Историк по специальности и по призванию, он рассуждал о движущей силе революций.
«Посудите сами, — говорил он мне. — Великая французская революция имела великие цели, а кончилась диктатурой Наполеона. Странная диалектика… Да, хоть странная, но диалектика! Помните старую сказку о драконе? Он владел неисчислимыми сокровищами и жестоко притеснял слабых. Смелые богатыри вызывали его на поединок, но, увидев груды золота и забыв обо всем, сами превращались в драконов. Это очень мудрая сказка…»

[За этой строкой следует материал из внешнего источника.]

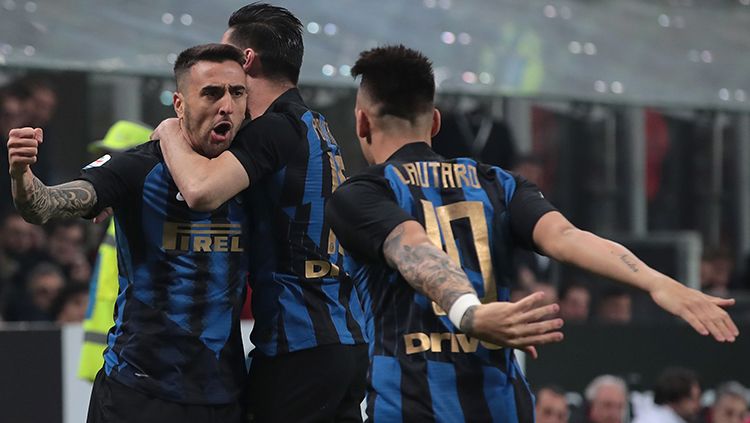 Matias Vecino berselebrasi usai mencetak gol ke gawang AC Milan. Copyright: © Getty Images/Emilio Andreoli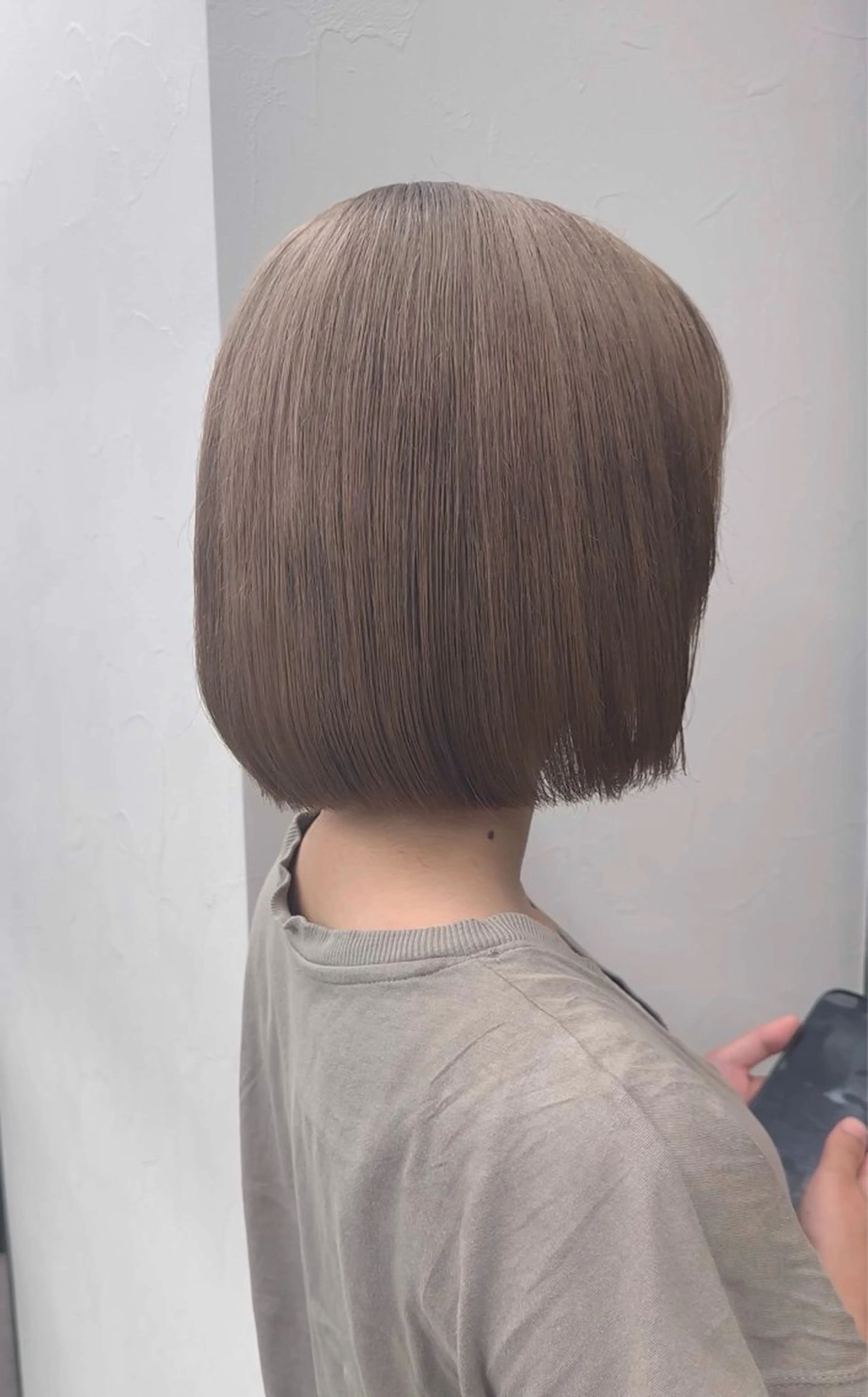 ミディアム カラー ミディアムパーマ ベージュカラー ブリーチ ケアブリーチ 透明感カラー カット ヘアカラー トリートメント 髪質改善/レイヤー/ 艶髪🎀ayaneのヘアスタイル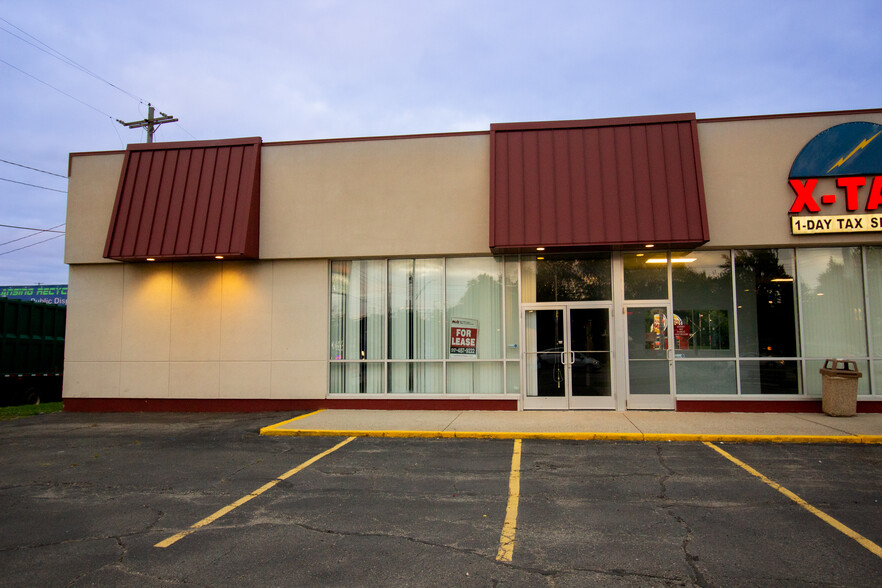 5525 S Cedar St, Lansing, MI for lease - Building Photo - Image 3 of 5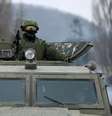 <p>Um homem armado, tido como um militar russo, em um ve&iacute;culo blindado de transporte de pessoal (VBTP) perto de uma unidade militar da Ucr&acirc;nia em Perevalnoye</p>  Foto: Reuters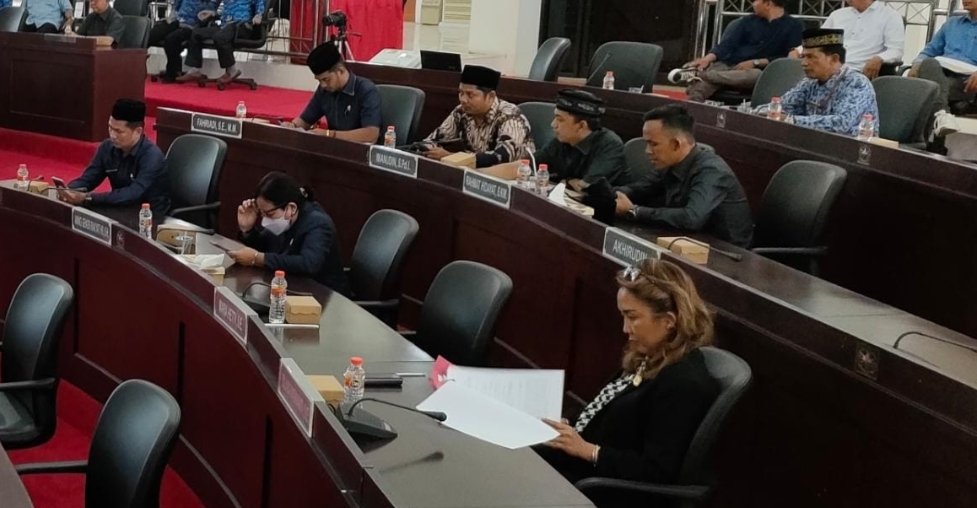 Paripurna Jawaban Pemkab Terkai Pandangan Fraksi Dewan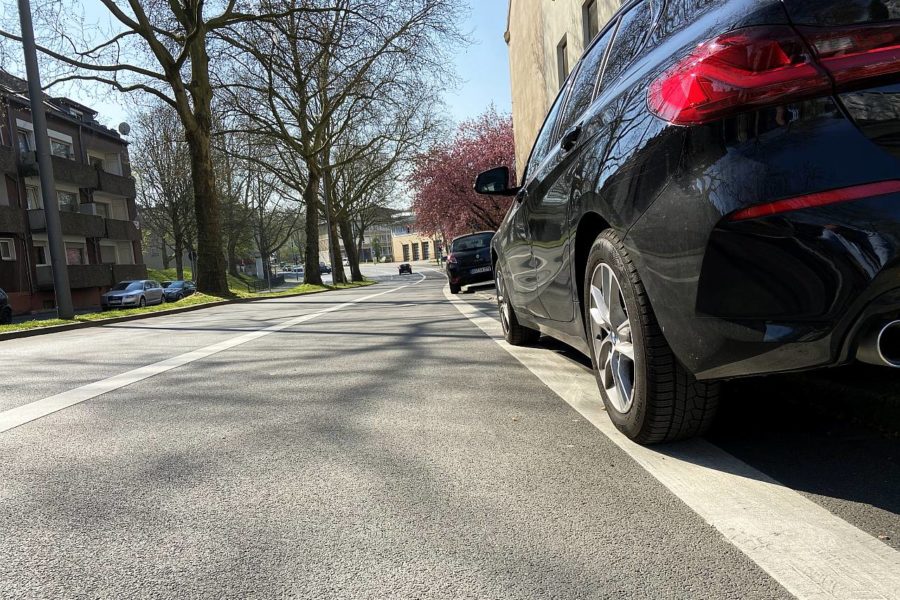 Auf der Bessemer Straße parken viele Fahrzeuge gekippt auf dem Gehweg. Manchmal ragen sie auch auf den Radweg und provozieren gefährliche Situationen.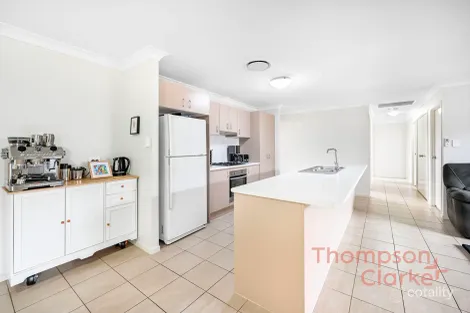 Property photo of 8 Golden Whistler Avenue Aberglasslyn NSW 2320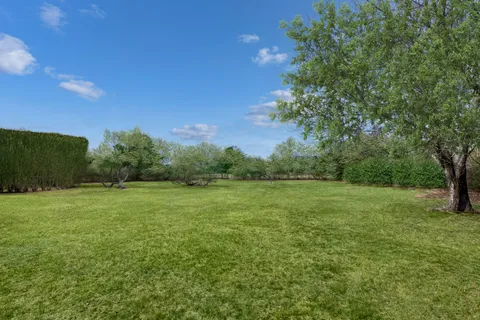 $3,000,000 | 19 Horseshoe Drive, East Hampton, NY 11937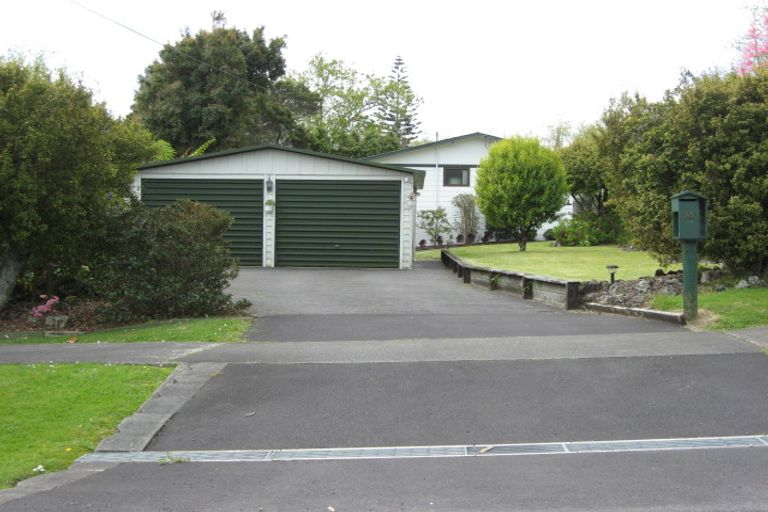 Photo of property in 14 Alison Avenue, Herald Island, Auckland, 0618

ПЬЕРО ХОЧЕТ БЫТЬ ЧЕЛОВЕКОМ
…Воспользуйтесь этой свободой, этим даром, отличающим человека от презренного раба и от домашнего животного, чтобы дать свет народам!
В последнее время я все чаще задумываюсь о свободе. По сути дела, с тех пор как я обнаружил, что могу думать, причем независимо от внешних условий, которым в остальном подчиняюсь полностью, сразу же задумался о странности моего существования, о той непостижимой и жестокой силе, что движет мною извне, не сообразуясь ни с моими желаниями, ни с возможностями. Движения рук, ног, головы, навязанные мне, содрогания языка, заставляющие говорить слова, не свойственные мне, — все это постепенно привело к убеждению, что свободы для меня не существует и само это слово — лишь тайный и лживый знак рабства.